# Lost albino ferret



## mandiibabez (Feb 23, 2009)

if any1 lives in warrington (culcheth) and u find a albino ferret.. (shes called malibu) please let me know... i no its a long shot but shes my baby!


----------



## hawksport (Dec 27, 2009)

If she has escaped from her cage leave it open with food in they usually return


----------



## mandiibabez (Feb 23, 2009)

ive left sum food and her blanket out but she dusnt seem to have come back  its been 2 days now


----------



## DKDREAM (Sep 15, 2008)

nock on doors near you, ask them to check sheds,gardens.


----------



## mandiibabez (Feb 23, 2009)

i have done  ive put it on facebook rang all the vets and rescue centres. they will give me a ring if any1 hands her in ... its like looking for a needle in a haystack. my other ferret (the lost ones mummy) looks really upset shes just following me around


----------



## DKDREAM (Sep 15, 2008)

I am so sorry I hope she is found soon.


----------



## mandiibabez (Feb 23, 2009)

MY FERRET HAS BEEN FOUND! they are bringin her over later  thay found her trying to chase a cat lol, sounds about right. im soo happy! if any1 ever looses there baby dont give up looking, i never 4t id see her agen after 4 days


----------



## hawksport (Dec 27, 2009)

Good news.

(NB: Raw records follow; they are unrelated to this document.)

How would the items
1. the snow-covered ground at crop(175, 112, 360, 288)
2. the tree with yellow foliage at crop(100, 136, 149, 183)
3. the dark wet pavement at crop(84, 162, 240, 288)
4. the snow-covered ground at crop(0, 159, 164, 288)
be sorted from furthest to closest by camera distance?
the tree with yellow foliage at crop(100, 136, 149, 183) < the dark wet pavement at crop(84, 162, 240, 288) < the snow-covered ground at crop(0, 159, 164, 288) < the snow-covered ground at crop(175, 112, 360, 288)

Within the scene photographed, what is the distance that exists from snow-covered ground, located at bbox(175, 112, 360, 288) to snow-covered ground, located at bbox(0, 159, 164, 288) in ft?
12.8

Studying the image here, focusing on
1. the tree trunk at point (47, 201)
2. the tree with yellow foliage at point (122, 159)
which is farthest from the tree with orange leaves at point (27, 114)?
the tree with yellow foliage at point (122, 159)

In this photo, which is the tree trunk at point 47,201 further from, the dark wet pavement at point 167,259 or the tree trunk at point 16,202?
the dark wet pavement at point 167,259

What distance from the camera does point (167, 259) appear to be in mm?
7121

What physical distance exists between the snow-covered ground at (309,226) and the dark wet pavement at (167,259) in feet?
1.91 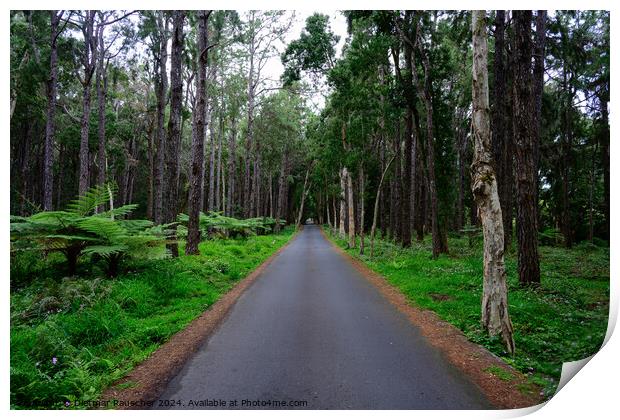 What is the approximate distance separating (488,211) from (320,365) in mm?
3071

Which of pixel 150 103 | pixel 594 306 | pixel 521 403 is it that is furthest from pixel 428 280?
pixel 150 103

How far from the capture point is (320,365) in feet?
14.0

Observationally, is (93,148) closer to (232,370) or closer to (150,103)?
(150,103)

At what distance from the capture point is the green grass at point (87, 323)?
139 inches

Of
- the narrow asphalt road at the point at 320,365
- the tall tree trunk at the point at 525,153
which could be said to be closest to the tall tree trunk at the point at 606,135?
the tall tree trunk at the point at 525,153

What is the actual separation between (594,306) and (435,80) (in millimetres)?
10760

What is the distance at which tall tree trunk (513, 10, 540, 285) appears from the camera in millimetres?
7945

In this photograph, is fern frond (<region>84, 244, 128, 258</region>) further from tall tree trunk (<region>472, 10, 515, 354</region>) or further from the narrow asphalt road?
tall tree trunk (<region>472, 10, 515, 354</region>)

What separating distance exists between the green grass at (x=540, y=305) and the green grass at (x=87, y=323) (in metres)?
4.55

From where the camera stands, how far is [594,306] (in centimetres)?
554

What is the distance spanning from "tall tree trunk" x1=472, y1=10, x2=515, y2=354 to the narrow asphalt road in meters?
1.06

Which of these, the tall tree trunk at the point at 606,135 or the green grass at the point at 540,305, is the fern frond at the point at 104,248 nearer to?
the green grass at the point at 540,305

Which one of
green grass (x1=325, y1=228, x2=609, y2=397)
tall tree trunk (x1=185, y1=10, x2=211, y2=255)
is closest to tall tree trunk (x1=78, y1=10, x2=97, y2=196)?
tall tree trunk (x1=185, y1=10, x2=211, y2=255)

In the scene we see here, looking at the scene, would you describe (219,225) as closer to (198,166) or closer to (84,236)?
(198,166) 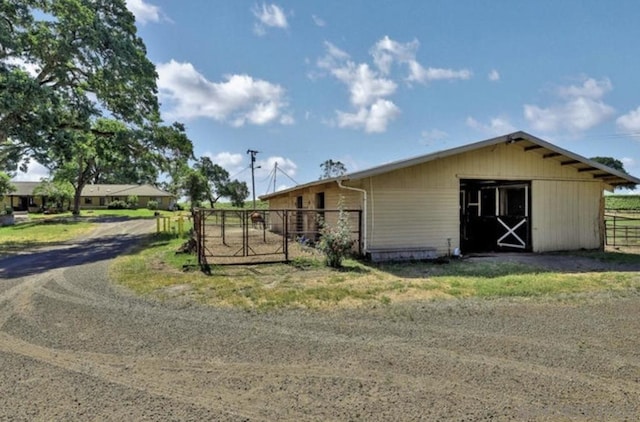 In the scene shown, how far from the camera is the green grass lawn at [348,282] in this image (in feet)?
20.7

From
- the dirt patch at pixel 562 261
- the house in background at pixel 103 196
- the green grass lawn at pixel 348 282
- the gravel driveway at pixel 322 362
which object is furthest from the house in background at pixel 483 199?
the house in background at pixel 103 196

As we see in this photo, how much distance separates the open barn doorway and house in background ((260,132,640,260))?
0.03 m

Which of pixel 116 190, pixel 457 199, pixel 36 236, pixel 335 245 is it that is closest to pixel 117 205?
pixel 116 190

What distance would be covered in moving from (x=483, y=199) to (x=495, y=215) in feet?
2.50

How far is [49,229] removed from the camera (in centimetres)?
2173

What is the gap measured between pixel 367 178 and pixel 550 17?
23.8ft

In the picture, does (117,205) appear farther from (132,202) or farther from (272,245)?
(272,245)

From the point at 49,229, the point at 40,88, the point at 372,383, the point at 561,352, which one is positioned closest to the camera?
the point at 372,383

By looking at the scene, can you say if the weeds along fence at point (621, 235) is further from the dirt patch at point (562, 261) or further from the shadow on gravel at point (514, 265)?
the dirt patch at point (562, 261)

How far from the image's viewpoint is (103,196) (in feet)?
166

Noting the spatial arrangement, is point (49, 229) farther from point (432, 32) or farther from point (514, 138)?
point (514, 138)

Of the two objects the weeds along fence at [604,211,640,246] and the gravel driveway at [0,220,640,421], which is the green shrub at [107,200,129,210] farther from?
the weeds along fence at [604,211,640,246]

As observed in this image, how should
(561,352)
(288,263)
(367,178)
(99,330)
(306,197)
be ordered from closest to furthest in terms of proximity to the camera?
(561,352), (99,330), (288,263), (367,178), (306,197)

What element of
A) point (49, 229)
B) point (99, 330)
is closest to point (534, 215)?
point (99, 330) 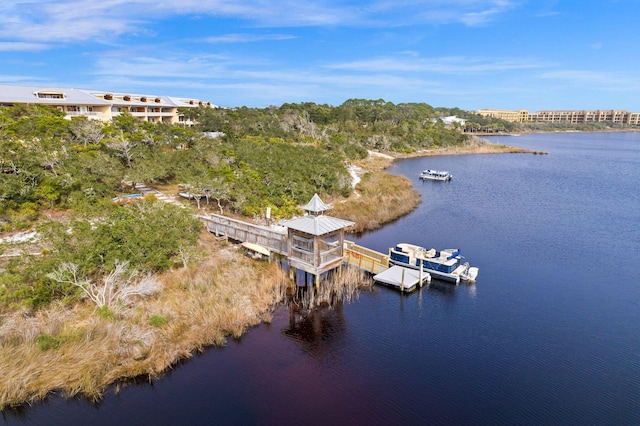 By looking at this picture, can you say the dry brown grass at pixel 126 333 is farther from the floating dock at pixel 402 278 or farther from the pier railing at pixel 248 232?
the floating dock at pixel 402 278

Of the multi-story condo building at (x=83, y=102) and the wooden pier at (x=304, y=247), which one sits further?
the multi-story condo building at (x=83, y=102)

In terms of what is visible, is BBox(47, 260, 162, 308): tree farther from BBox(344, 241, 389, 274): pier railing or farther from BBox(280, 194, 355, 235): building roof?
BBox(344, 241, 389, 274): pier railing

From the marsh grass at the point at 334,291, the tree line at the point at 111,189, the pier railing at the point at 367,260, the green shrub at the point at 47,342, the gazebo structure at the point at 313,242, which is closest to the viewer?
the green shrub at the point at 47,342

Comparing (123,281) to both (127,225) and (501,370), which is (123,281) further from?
(501,370)

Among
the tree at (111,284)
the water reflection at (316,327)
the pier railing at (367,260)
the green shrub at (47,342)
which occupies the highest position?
the tree at (111,284)

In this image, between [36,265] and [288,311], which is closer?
[36,265]

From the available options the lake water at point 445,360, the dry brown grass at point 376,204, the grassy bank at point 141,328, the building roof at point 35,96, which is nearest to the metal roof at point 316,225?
the grassy bank at point 141,328

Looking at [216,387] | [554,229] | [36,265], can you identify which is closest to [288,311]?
[216,387] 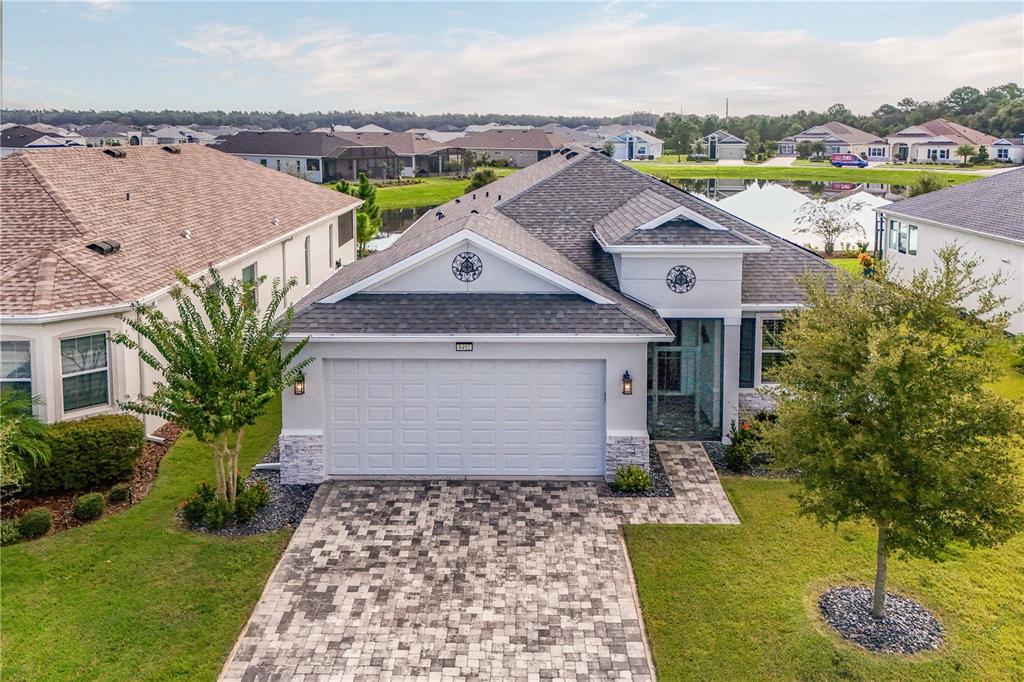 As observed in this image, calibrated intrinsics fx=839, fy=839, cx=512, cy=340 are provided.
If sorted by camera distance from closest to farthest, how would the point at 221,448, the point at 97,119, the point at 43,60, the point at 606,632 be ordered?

How far had she gone?


----------



## mandiibabez (Feb 23, 2009)

im not sure they didnt say? the people who have kept her, keep ferrets in the village that i live in so the vets had called them to see if they could look after her.  bet shes had the time of her life, whilst ive been worried sick lol


----------



## poppydog1 (Mar 26, 2010)

Great news:thumbup:


----------



## animalzrule (Nov 17, 2010)

i would hate it if i lost Abby my dog i want ferrets but i will have to wait a couple more years lol! brilliant news that youve found her!


----------



## Pampered pets (Jun 20, 2009)

Glad you have found her  i once lost one for 15 days so never give up.


----------